_TASK PROMPT:_
The records below are to be set down word for word, with every picture left out.

[Records from a dataset]
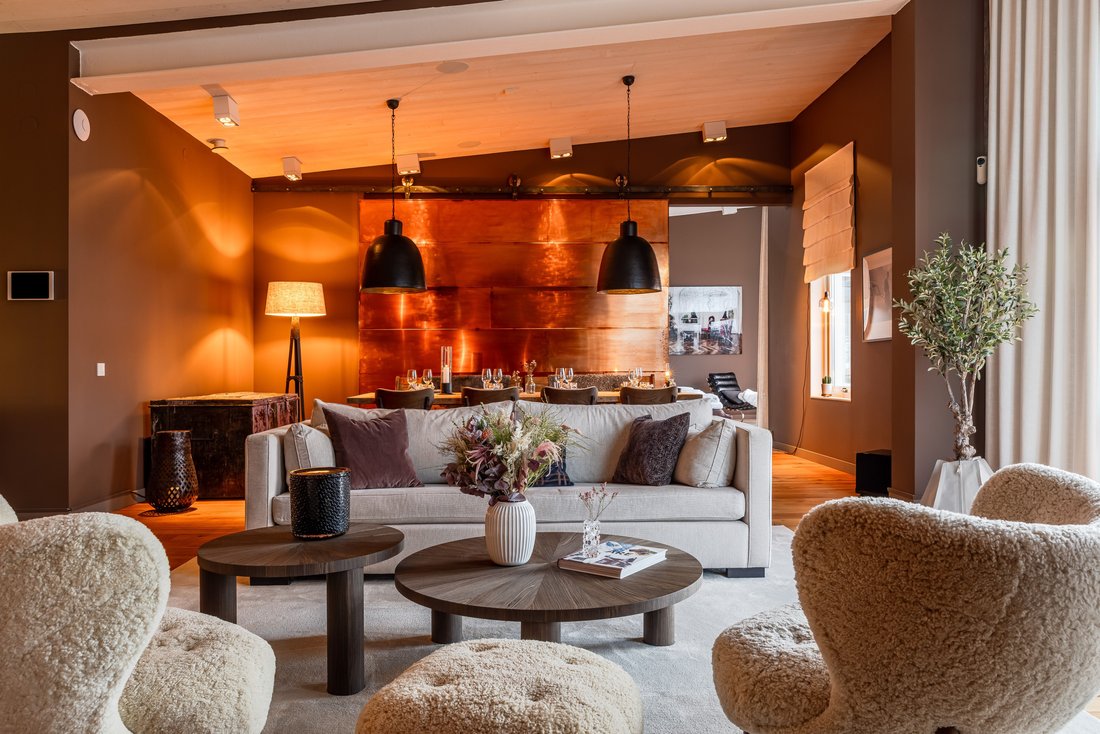 Image showcasing A Stylish Scandinavian Attic Apartment - The Nordroom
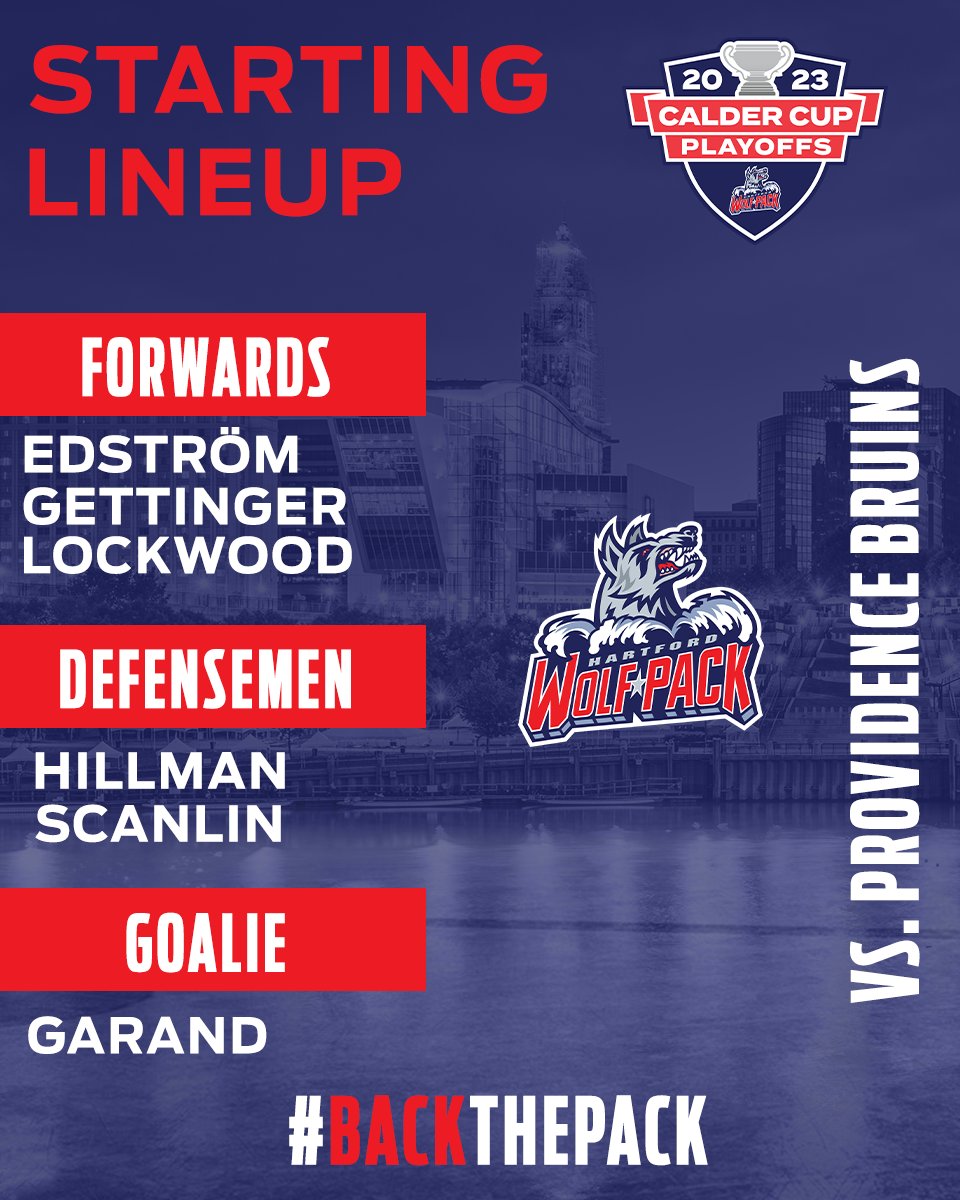 x Hartford Wolf Pack on Twitter "STARTIN' OUT"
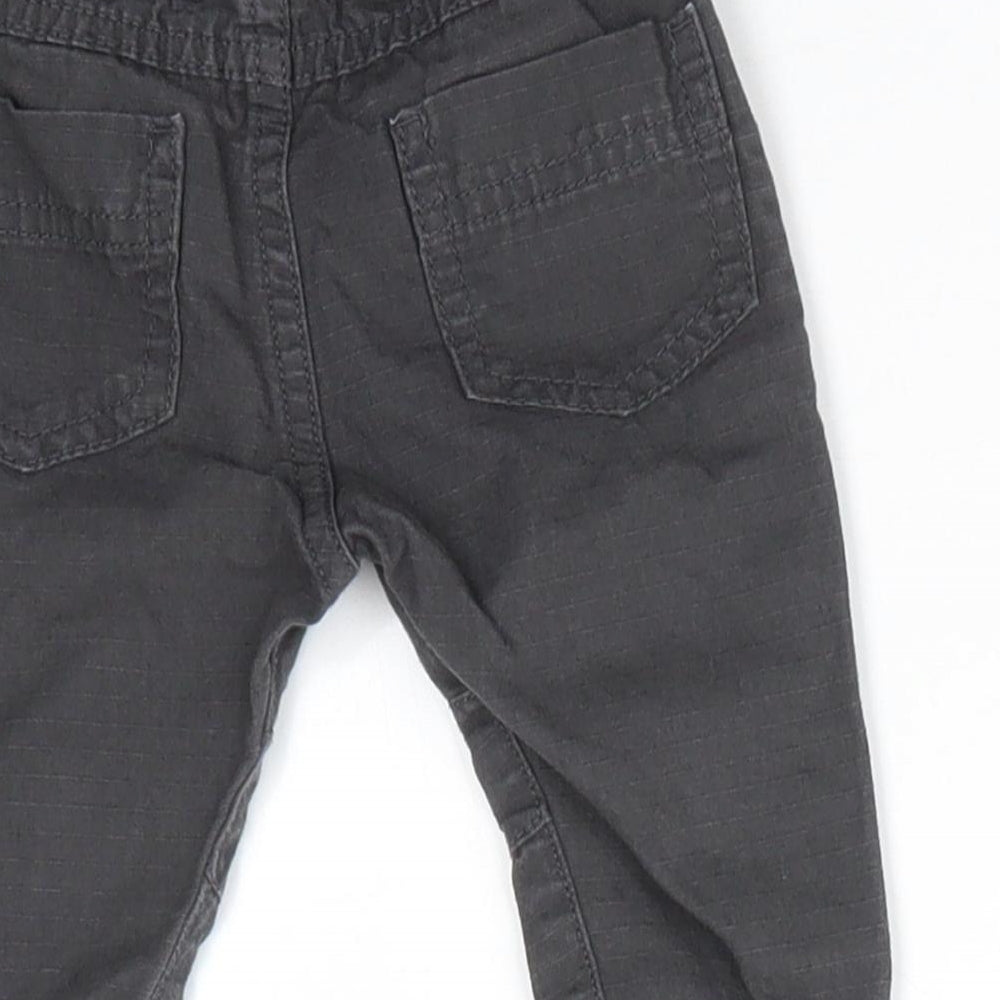 F&F Baby Grey  100% Cotton Jogger Trousers Size 3-6 Months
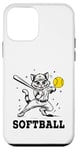 Coque pour iPhone 12 mini Attrape-balle molle pour chat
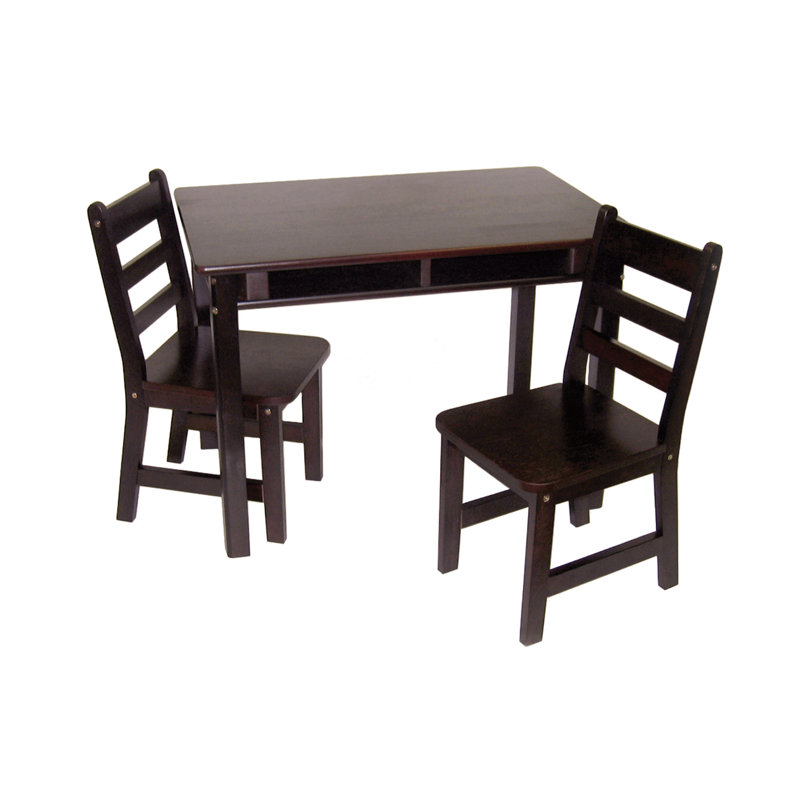 alexa kids 3 piece writing table & chair set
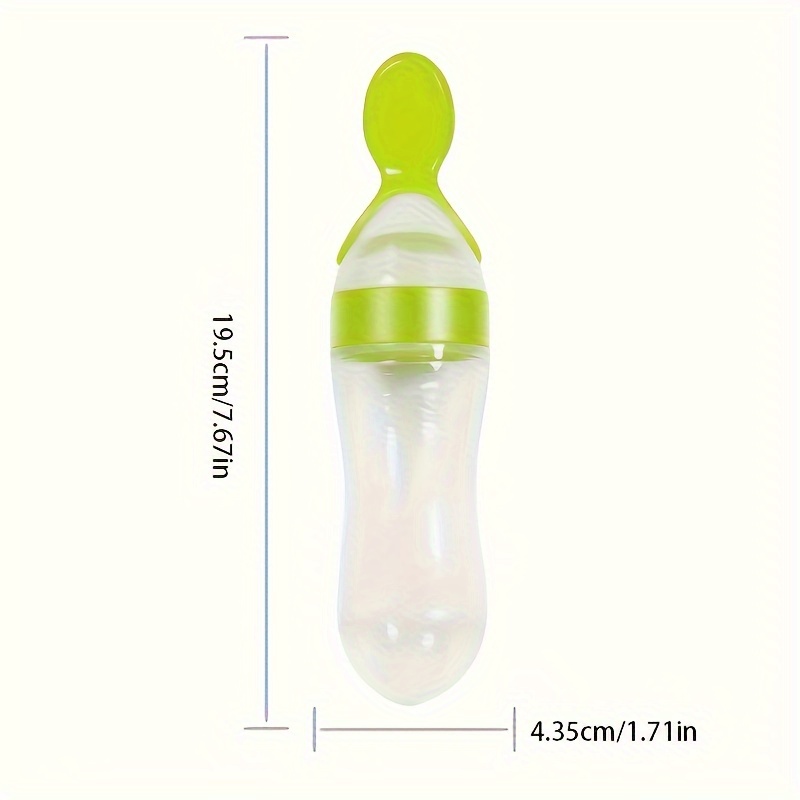 Garrafa de silicone para alime - Baby Food Zone avaliação e preço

_EXERCISE SOLUTION:_
 Image showcasing A Stylish Scandinavian Attic Apartment - The Nordroom
 x Hartford Wolf Pack on Twitter "STARTIN' OUT"
 F&F Baby Grey  100% Cotton Jogger Trousers Size 3-6 Months
 Coque pour iPhone 12 mini Attrape-balle molle pour chat
 alexa kids 3 piece writing table & chair set
 Garrafa de silicone para alime - Baby Food Zone avaliação e preço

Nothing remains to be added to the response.